## Your objective
Return the line that has "Image of bracelet" and all lines below it through the last, exactly as they stand; omit pictures.

## Data provided
##############################

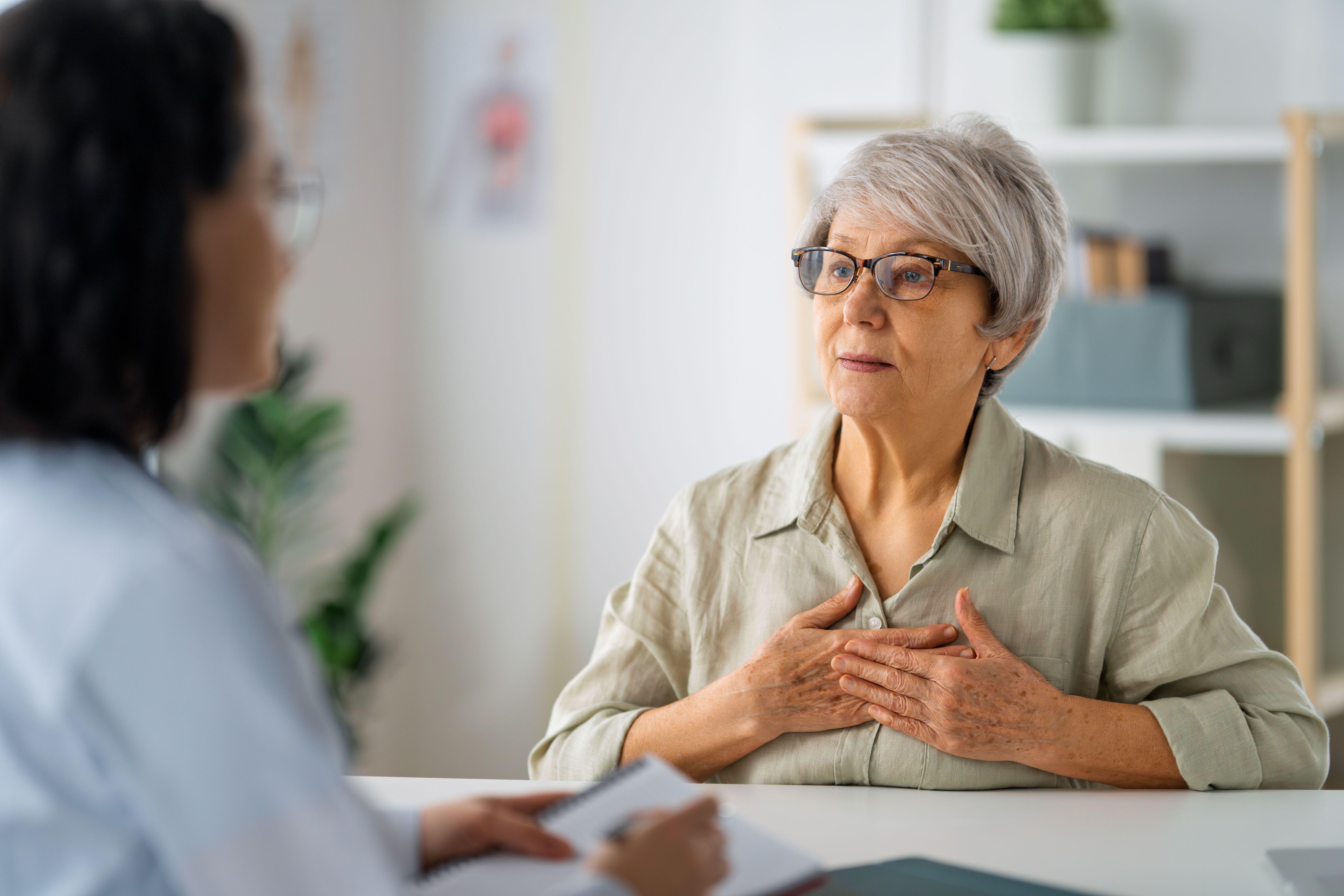 Middle-aged woman talking to a doctor
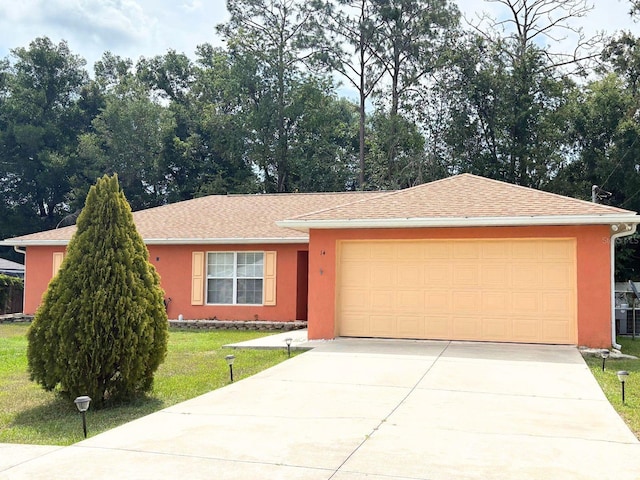 14 Dogwood Drive Radl, Ocala, FL 34472 - single story home with stucco siding, driveway, a garage, and a front yard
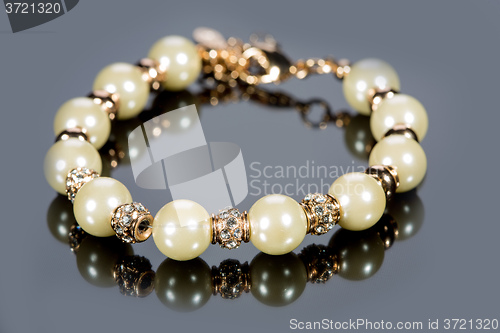 Image of bracelet of pearls on a gray background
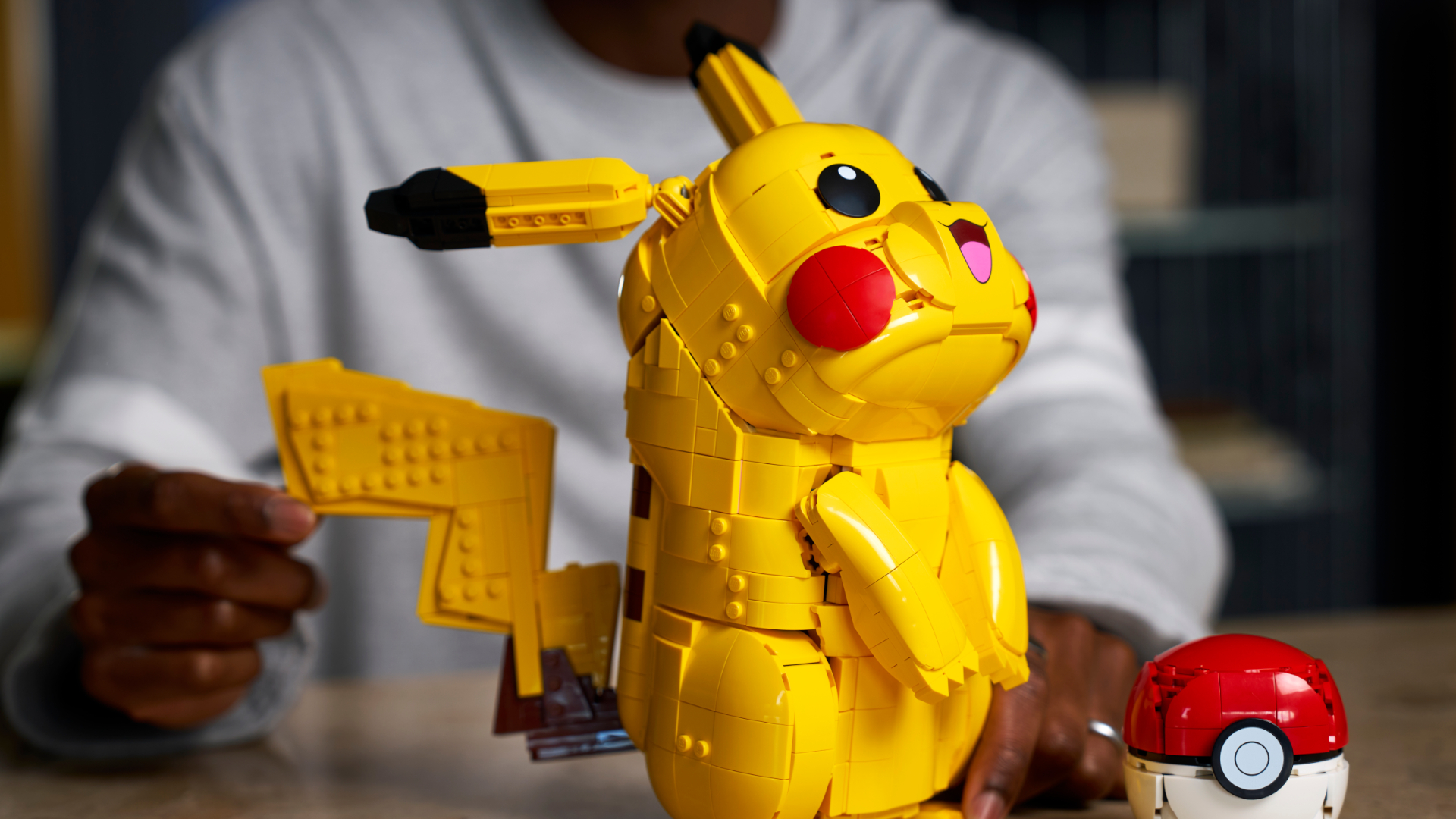 Lego Pikachu looking upward, while a hand moves the tail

##############################

## Response to the task
 Image of bracelet of pearls on a gray background
 Lego Pikachu looking upward, while a hand moves the tail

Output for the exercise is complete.